Werner Peiner

Biography

Painter, stained glass, mosaics, textiles. Born 20 July 1897 in Düsseldorf. 1914-18: military service. From 1919: studied at the Düsseldorf Akademie. From 1922: freelanced in Bonn and Düsseldorf, and, from 1931, in Kronenburg-Eifel. By early 1930s: Shell a major client, for which he designed the Shell river-maps, and the stained-glass wall and large mosaic for Shell House, Berlin. From 1933: taught monumental painting at the Düsseldorf Akademie.

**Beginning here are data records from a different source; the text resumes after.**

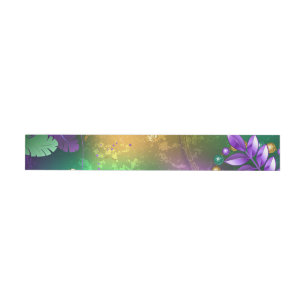 Iridescent mardi gras background with beads wrap around address label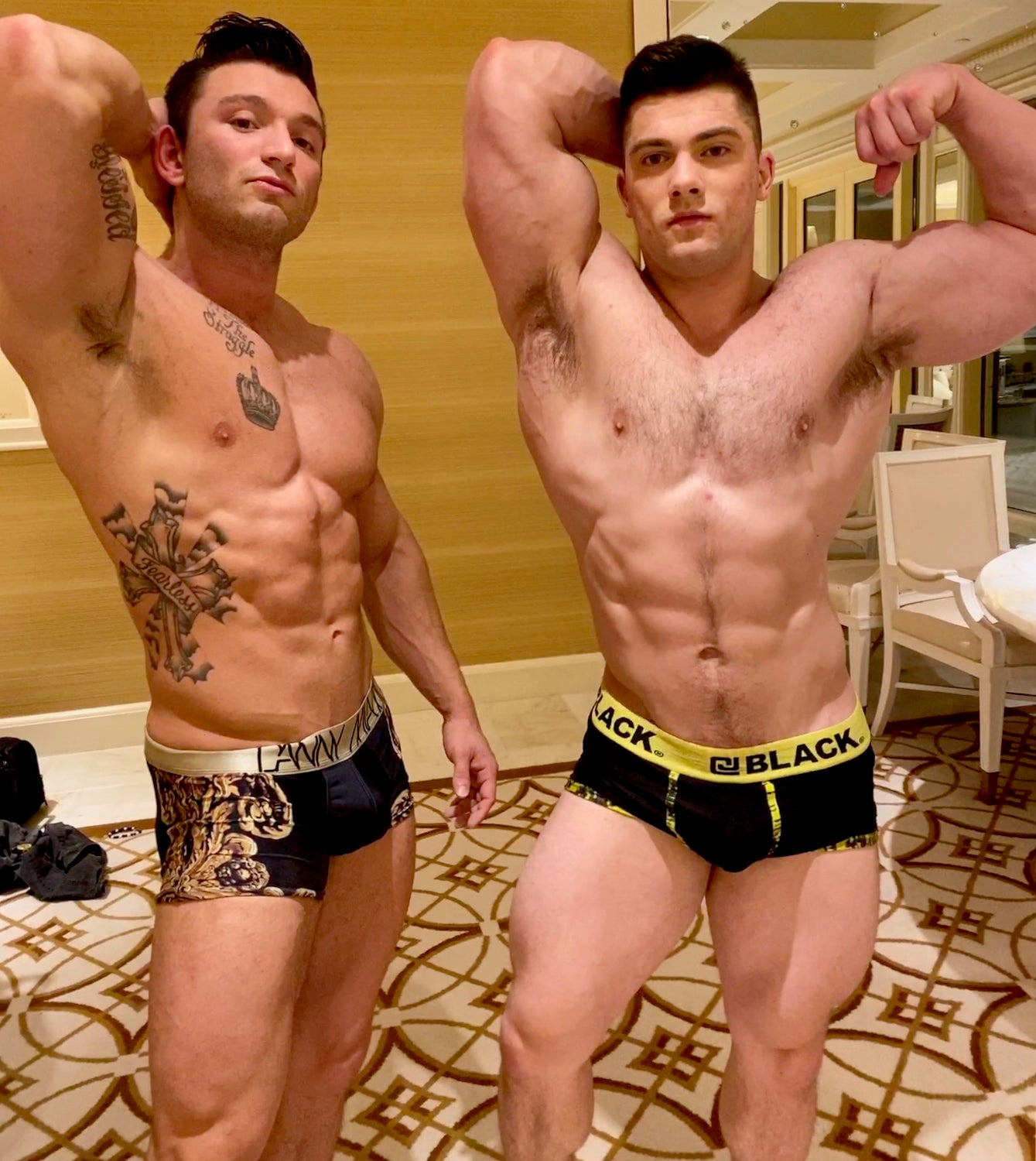 Mercury and Simpson flex their biceps at Thunders Arena Wrestling. 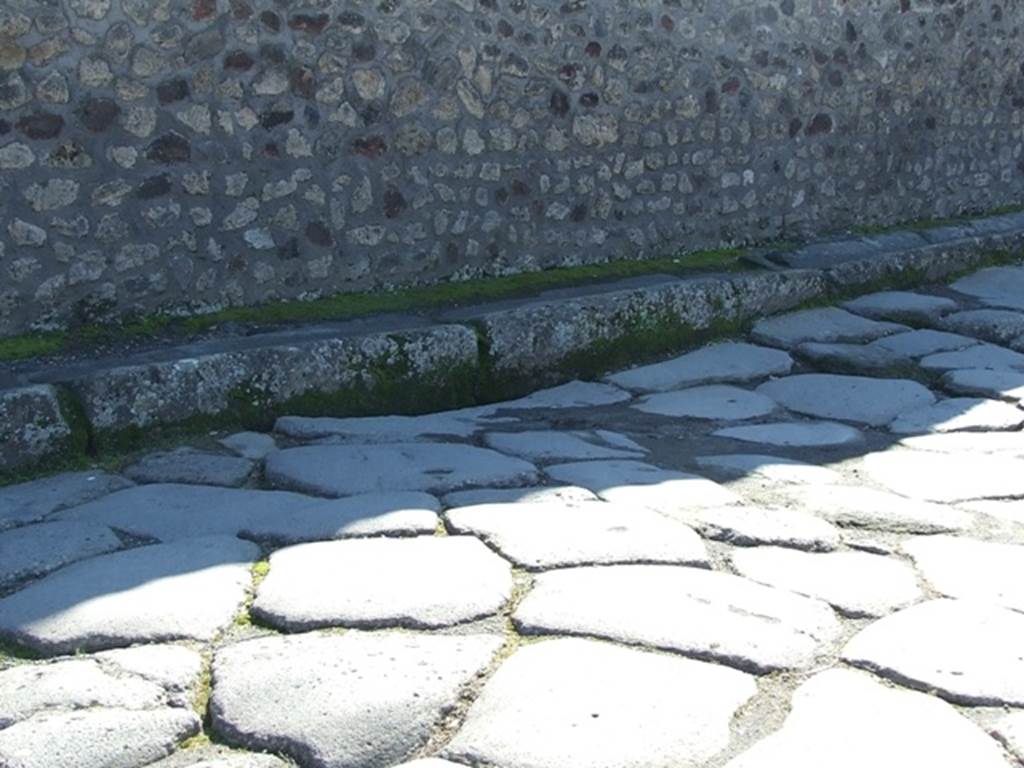 VIII.4.34 Pompeii.  March 2009.  Subsidence in road outside.  Looking south towards wall of VIII.7.29.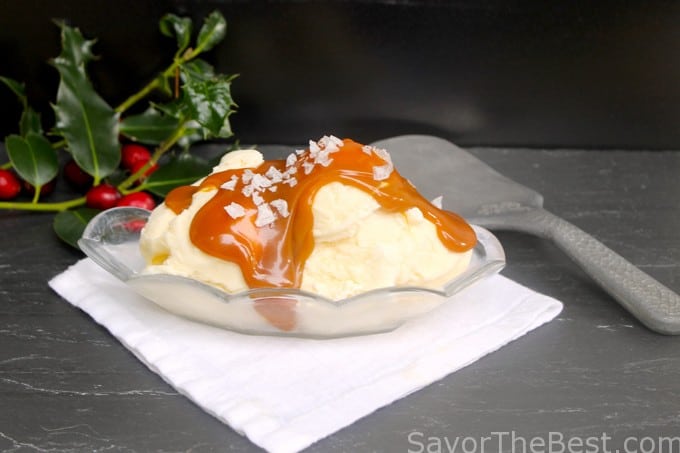 Salted Caramel Sauce on vanilla ice cream with a ice cream scoop in the background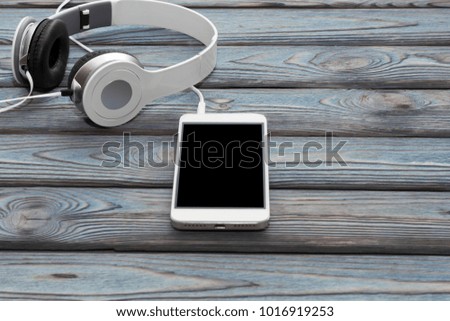 smartphone, headphones on a wooden background. listening to music. audio. music lover.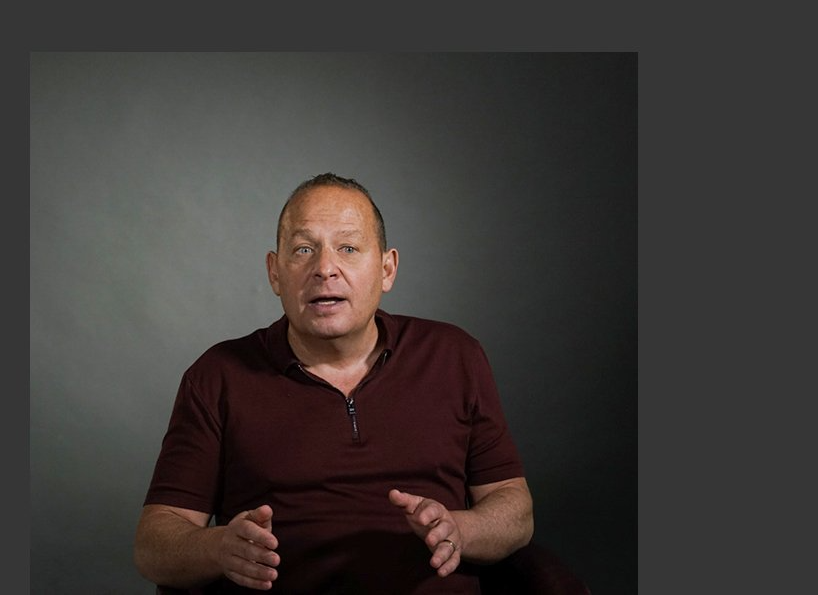 A man in a maroon shirt is sitting in front of a gray wall and talking.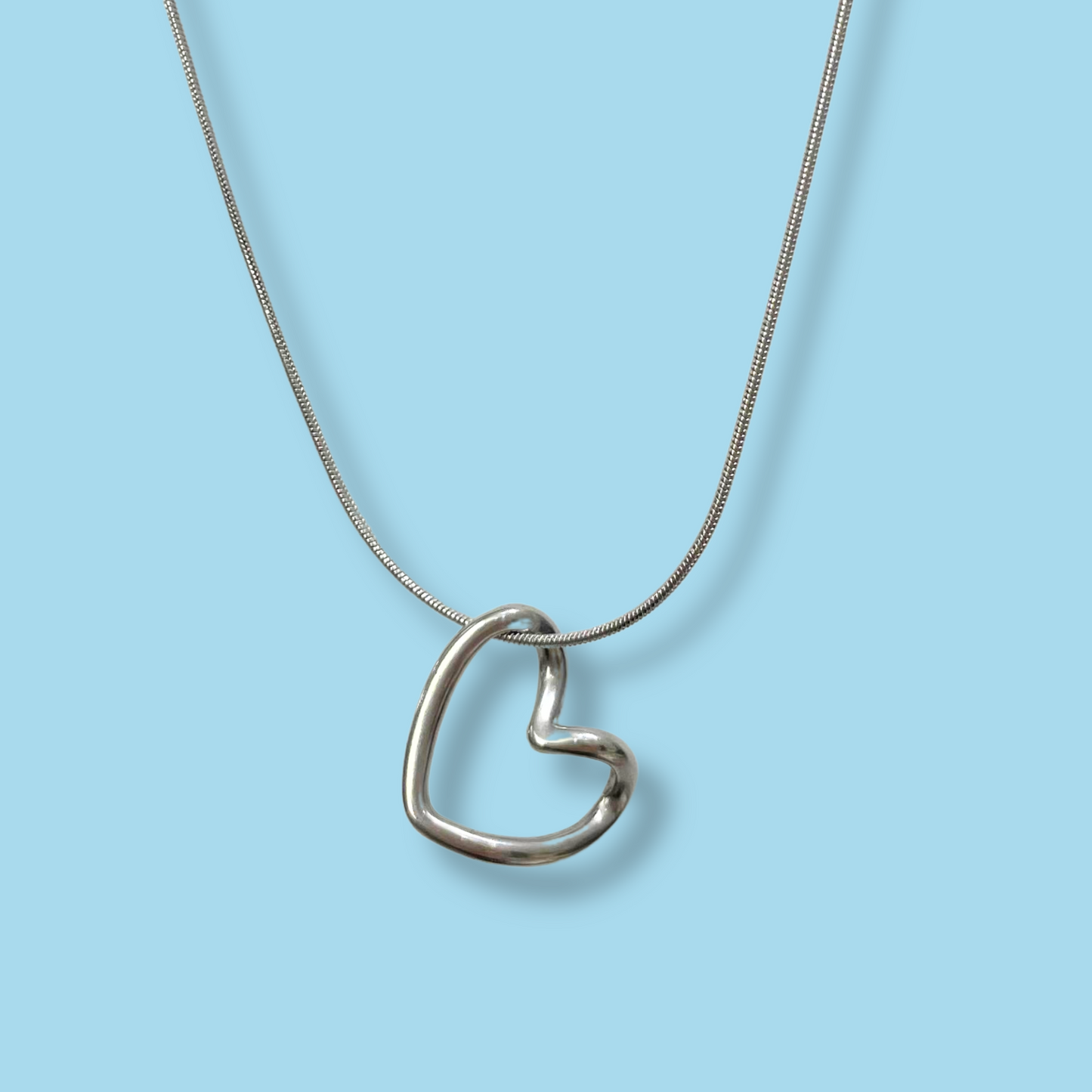 Collar Plateado Corazón Enlazado Acero Inoxidable  1M5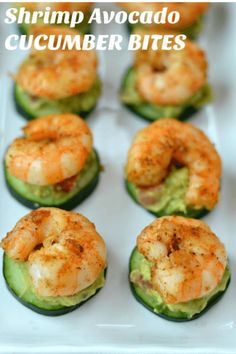 shrimp and avocado stuffed cucumbers on a white platter, ready to be eaten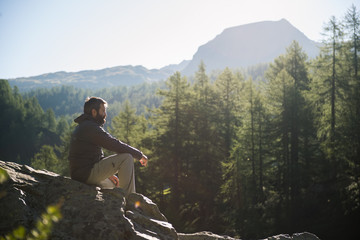 Young adult active man sitting on top rock looking at panorama in sunny spring summer morning on mountain outdoor. - Powered by Adobe
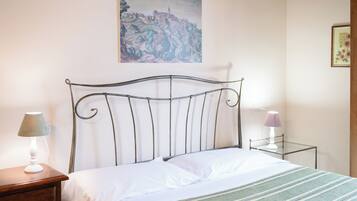 Ein Bett mit einem Metall-Kopfstück, ein Nachttisch mit einer Lampe und ein kleiner Nachttisch ebenfalls mit einer Lampe.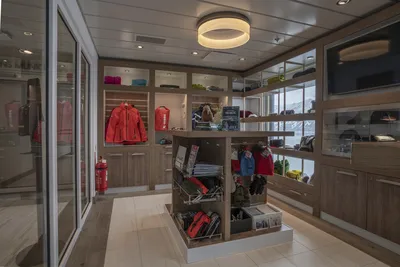 Die Boutique auf dem Flusskreuzfahrtschiff Ocean Albatros von Thurgau Reisen, die eine Auswahl an Kleidung und Accessoires anbietet. Regale aus Holz präsentieren farbenfrohe Jacken und Souvenirs, während eine moderne Beleuchtung dem Raum eine einladende Atmosphäre verleiht.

1935: after a four-month painting trip to Central and East Africa, his resulting canvases, ‘painted in a style reminiscent at the same time of Functionalism and Henri Rousseau, are accused by certain journalists of being “non-German” art. The criticisms cease when Hitler himself acquires the triptych “Das schwarze Paradies” in 1938 for the new Chancellery in Berlin.’ From June 1937: head of the Hermann-Göring-Meisterschule für Malerei, Kronenburg; appointed member of the Prussian Art Academy, but his troubles continued: ‘The same year, one of his engravings is confiscated at Düsseldorf in the course of the battle against “degenerate art”’. 1937: awarded Gold Medal at the Paris World Exhibition. February 1938: Hitler bought another Peiner canvas which was exhibited at the Berlin Academy. 1938: tapestry commissions for the Berlin Chancellery (not completed). 1940: appointed Privy Councillor of the Prussian State. ‘The Kronenburg School is dissolved in 1945. He is then evacuated to Gimborn (Bergisches Land), where he is captured by the Allied troops, who confiscate all his goods and put him in a camp for six months.’ (Quotations above from MGD, 1992)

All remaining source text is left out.